The enthusiastic support from and facilitation by Ms Maria van der Merwe, Provincial Nutrition Programme Manager, and Ms Duduzile Mdluli, Director: Maternal, Child and Women's Health and Nutrition of the Mpumalanga Department of Health is acknowledged with thanks. Without the contributions of all the students, the facilitators and staff members at the hospitals and learning centres this work would not have been possible. A special thank you goes to the family physicians for their contributions: Drs L. Nkombua, J.J. Ongole, S. Ukpe, V. Antia, R. Chundu, F. Tiamiyu, C. Bondo, A. Angelova and C. Eche. Barbara English of the Research Office of the Faculty of Health Sciences, UP is thanked for editorial and language support.

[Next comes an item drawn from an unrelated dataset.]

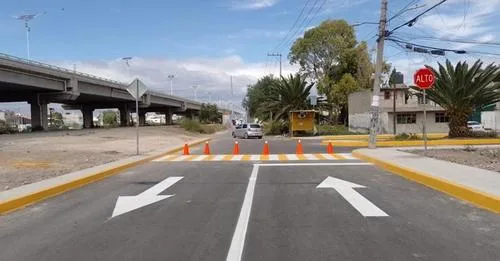 1697063950 Fernando Vilchis logra pavimentacion de la avenida Gran Canal en jpg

We would also like to thank the anonymous reviewers for their constructive suggestions.

Competing interests

The authors declare that they have no financial or personal relationship(s) that may have inappropriately influenced them in writing this article.

Authors’ contributions

M.B. (Department of Family Medicine, University of Pretoria), AM.B., M.E.E. (both MRC Unit for Maternal and Infant Health Care Strategies, University of Pretoria) and J.H. (Department of Family Medicine, University of Pretoria) all contributed to the design of the QI programme. M.B., in collaboration with J.H., was in charge of the programme. A.M.B. and M.E.E. collated most of the data sources. M.B. and A.M.B. drafted the first version of the manuscript on which M.E.E. and J.H. gave inputs and approved the final version.